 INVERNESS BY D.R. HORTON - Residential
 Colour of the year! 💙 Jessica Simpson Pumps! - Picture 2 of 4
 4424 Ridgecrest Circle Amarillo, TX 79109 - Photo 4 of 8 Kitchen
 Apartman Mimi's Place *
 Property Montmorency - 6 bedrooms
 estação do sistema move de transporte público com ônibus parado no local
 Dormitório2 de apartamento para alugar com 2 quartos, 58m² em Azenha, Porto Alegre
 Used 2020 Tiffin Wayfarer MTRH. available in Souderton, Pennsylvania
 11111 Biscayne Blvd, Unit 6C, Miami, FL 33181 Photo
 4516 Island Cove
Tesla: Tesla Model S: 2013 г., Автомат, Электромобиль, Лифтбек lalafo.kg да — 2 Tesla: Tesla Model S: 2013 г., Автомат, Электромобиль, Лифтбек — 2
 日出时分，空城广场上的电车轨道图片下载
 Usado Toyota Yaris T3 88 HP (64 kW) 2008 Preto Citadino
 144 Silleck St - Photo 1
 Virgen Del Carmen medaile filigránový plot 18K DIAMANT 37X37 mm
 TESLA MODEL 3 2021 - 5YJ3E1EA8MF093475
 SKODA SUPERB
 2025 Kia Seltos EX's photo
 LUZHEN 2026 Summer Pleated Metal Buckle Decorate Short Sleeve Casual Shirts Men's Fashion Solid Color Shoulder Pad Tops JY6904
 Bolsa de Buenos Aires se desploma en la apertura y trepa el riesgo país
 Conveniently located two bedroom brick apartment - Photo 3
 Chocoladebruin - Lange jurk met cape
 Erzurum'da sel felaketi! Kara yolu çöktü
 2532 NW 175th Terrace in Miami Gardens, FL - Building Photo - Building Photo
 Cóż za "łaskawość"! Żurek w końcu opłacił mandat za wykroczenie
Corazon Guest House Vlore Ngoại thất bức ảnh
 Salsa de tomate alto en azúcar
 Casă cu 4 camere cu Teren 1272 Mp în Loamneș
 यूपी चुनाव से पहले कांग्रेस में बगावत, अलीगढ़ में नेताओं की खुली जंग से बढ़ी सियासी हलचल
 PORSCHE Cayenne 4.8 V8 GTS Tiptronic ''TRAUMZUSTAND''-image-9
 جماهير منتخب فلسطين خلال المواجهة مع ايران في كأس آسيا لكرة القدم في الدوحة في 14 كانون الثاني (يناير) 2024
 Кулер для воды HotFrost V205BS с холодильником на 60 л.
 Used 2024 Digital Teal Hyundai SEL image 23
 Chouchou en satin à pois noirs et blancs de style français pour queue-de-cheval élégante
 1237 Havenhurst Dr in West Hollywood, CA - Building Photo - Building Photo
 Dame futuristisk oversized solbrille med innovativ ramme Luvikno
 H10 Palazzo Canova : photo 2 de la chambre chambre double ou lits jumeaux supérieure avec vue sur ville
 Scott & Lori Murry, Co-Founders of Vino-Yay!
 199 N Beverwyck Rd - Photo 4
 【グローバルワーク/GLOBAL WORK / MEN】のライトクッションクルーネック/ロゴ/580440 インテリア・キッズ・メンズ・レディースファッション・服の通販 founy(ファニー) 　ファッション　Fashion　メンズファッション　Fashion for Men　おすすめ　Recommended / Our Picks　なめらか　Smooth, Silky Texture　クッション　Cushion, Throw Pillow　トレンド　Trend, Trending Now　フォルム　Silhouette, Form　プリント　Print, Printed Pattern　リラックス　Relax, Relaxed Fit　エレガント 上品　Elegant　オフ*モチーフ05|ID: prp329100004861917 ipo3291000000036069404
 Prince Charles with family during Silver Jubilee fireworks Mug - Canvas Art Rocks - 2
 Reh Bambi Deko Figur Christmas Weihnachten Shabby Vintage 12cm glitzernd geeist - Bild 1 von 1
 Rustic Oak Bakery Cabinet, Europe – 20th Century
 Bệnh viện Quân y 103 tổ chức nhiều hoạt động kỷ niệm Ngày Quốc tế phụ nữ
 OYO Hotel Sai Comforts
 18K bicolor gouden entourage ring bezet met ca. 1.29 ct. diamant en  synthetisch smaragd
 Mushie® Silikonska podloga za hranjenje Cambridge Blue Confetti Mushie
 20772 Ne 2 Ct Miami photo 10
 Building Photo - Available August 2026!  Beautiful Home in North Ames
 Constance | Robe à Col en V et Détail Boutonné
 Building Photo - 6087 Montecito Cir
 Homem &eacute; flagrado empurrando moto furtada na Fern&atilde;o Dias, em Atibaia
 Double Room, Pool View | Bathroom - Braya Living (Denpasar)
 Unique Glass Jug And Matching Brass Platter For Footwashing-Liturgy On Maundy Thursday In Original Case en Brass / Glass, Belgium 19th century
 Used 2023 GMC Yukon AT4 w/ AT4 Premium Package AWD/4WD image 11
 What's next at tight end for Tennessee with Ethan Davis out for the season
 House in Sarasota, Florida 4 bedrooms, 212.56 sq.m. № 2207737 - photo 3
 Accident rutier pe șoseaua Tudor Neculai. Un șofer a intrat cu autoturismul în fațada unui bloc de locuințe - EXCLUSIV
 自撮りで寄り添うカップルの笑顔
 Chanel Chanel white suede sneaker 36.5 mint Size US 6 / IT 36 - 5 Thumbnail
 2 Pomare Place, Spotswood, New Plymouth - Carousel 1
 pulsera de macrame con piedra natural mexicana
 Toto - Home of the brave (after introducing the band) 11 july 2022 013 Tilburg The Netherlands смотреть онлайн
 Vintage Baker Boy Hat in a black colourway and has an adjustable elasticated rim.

WORK INSTRUCTIONS - Lines from the start of the entries through the one containing "estação do sistema" are to be set down again exactly, both ends included.

ANSWER SPACE -
 INVERNESS BY D.R. HORTON - Residential
 Colour of the year! 💙 Jessica Simpson Pumps! - Picture 2 of 4
 4424 Ridgecrest Circle Amarillo, TX 79109 - Photo 4 of 8 Kitchen
 Apartman Mimi's Place *
 Property Montmorency - 6 bedrooms
 estação do sistema move de transporte público com ônibus parado no local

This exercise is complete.